Publications

Personalizing Speech Start Point and End Point Detection in ASR Systems from Speaker Embeddings

Published

IEEE Spoken Language Technology Workshop (SLT)

Date

2021.01.19

Research Areas

Abstract

Start Point Detection (SPD) and End Point Detection (EPD) in Automatic Speech Recognition (ASR) systems are the tasks of detecting the time at which the user starts speaking and stops speaking respectively. They are crucial problems in ASR as inaccurate detection of SPD and/or EPD leads to poor ASR performance and bad user experience. The main challenge involved in SPD and EPD is accurate detection in noisy environments, especially when speech noise is significant in the background. The current approaches tend to fail to distinguish between the speech of the real user and speech in the background. In this work, we aim to improve SPD and EPD in a multi-speaker environment. We propose a novel approach that personalizes SPD and EPD to a desired user and helps improve ASR quality and latency.
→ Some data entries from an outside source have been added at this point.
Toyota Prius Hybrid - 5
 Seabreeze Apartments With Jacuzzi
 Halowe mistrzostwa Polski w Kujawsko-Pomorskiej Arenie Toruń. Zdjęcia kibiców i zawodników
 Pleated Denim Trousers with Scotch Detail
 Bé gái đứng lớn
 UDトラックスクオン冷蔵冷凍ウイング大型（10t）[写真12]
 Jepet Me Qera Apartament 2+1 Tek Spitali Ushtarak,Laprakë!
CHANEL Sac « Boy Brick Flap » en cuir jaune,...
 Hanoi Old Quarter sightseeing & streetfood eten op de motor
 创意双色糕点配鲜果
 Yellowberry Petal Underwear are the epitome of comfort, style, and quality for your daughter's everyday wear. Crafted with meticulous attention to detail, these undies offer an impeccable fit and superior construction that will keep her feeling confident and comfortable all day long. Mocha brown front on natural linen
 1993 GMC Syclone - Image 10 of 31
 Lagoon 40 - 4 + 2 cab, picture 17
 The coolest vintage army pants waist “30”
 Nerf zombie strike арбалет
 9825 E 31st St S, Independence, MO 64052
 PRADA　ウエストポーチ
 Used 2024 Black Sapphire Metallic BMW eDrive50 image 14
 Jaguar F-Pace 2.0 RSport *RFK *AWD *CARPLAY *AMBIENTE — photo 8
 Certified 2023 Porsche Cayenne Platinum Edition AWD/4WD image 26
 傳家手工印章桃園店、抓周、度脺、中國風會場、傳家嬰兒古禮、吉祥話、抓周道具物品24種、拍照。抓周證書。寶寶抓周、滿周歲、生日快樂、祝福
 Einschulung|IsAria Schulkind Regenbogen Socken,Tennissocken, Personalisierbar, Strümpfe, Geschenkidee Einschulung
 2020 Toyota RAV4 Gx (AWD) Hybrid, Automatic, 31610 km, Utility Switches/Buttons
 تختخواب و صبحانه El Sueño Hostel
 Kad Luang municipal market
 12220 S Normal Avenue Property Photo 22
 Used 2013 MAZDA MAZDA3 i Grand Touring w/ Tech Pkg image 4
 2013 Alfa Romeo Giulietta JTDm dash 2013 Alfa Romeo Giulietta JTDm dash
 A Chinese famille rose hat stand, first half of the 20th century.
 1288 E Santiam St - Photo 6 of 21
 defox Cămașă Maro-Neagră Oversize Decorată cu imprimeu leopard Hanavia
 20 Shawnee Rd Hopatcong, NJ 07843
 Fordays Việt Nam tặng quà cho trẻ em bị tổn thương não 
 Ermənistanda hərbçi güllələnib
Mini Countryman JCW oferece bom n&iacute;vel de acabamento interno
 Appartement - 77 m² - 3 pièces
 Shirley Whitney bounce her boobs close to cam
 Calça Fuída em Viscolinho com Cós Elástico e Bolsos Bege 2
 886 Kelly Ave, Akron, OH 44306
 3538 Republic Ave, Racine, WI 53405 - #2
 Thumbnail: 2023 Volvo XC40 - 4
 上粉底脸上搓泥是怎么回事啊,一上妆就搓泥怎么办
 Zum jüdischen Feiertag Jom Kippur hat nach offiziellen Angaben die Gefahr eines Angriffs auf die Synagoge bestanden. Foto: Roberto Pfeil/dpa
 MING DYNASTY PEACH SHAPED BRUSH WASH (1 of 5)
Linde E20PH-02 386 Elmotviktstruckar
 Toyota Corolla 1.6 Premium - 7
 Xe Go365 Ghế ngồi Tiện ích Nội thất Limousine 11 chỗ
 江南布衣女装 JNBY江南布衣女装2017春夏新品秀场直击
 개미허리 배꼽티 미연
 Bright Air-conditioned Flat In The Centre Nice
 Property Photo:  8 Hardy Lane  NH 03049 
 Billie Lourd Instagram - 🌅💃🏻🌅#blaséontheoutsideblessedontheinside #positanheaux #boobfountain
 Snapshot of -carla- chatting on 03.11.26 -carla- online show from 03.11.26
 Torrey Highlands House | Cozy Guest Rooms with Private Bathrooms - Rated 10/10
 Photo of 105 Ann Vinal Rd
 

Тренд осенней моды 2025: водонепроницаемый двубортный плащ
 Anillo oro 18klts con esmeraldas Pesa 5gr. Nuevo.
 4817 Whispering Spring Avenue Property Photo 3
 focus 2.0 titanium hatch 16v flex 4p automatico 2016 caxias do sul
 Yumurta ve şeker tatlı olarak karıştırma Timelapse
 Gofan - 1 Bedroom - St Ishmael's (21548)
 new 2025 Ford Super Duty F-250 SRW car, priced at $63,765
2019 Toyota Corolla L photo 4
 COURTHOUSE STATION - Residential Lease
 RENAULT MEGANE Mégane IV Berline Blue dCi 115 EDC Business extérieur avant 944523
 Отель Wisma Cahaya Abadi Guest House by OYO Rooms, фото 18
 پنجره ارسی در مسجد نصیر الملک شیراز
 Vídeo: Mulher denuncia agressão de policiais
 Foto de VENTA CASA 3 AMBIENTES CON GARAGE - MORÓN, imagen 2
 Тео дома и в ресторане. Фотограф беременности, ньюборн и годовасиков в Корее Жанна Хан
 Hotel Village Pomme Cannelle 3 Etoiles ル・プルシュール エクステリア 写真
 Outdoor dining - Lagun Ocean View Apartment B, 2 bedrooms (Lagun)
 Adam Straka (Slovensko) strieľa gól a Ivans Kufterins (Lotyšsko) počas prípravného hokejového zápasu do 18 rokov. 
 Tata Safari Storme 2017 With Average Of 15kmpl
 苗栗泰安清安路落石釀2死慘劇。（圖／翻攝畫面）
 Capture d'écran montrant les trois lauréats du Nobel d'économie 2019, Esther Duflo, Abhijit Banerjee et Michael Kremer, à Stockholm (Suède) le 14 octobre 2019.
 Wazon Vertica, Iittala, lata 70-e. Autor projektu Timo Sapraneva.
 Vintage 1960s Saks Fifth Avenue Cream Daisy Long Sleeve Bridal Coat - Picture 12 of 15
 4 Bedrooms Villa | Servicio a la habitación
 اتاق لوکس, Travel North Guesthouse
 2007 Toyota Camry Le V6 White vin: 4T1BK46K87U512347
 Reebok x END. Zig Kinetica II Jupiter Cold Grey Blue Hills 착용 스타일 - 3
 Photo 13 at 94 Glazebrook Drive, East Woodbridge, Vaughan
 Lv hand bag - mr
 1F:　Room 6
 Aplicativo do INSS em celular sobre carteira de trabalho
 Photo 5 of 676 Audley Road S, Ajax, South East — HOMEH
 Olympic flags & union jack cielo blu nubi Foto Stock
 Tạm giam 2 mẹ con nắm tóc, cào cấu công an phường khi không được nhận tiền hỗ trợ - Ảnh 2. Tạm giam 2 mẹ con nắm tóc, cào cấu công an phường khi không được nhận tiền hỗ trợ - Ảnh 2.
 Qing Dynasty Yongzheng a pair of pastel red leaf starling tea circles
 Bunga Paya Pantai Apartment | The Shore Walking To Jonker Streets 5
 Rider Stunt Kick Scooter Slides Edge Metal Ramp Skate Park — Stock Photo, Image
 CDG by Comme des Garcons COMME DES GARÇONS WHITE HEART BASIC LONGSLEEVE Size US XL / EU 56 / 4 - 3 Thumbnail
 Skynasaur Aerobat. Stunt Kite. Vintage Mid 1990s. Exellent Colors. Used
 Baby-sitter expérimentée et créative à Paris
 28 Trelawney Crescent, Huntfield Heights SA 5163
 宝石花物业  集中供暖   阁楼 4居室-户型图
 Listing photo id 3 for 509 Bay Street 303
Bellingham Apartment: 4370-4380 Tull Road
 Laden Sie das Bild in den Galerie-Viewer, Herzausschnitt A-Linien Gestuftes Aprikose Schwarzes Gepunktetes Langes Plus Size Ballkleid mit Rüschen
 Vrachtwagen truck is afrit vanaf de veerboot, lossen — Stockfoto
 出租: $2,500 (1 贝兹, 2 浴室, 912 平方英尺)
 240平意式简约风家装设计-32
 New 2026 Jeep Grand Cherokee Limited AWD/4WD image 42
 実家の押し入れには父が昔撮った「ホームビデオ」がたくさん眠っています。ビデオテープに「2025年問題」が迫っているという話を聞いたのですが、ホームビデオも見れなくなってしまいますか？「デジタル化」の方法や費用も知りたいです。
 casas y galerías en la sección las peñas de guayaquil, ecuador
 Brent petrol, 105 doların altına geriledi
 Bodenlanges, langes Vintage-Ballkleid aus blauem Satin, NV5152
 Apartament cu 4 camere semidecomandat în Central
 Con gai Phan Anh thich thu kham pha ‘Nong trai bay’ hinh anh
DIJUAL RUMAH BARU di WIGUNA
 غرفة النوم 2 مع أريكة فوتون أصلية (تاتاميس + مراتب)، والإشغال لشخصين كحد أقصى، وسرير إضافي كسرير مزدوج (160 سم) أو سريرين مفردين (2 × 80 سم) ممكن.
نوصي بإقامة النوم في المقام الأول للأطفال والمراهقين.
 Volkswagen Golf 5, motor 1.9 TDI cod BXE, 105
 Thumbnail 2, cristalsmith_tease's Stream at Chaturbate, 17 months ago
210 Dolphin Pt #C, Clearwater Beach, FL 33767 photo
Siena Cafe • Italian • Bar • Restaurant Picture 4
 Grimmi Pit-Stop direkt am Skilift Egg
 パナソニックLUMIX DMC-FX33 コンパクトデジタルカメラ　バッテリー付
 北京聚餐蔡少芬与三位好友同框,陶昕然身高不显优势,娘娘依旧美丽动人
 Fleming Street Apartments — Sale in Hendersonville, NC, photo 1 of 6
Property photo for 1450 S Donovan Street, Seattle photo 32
We combine user-specific information (i-vectors) with traditional speech features (log-mel) and build a Convolutional, Long Short-Term Memory, Deep Neural Network (CLDNN) model to achieve personalized SPD and EPD. The proposed approach achieves a relative improvement of 46.53% and 11.31% in SPD accuracy, and 27.87% and 5.31% in EPD accuracy at SNR 0 and 5 dB respectively over the standard non-personalized models.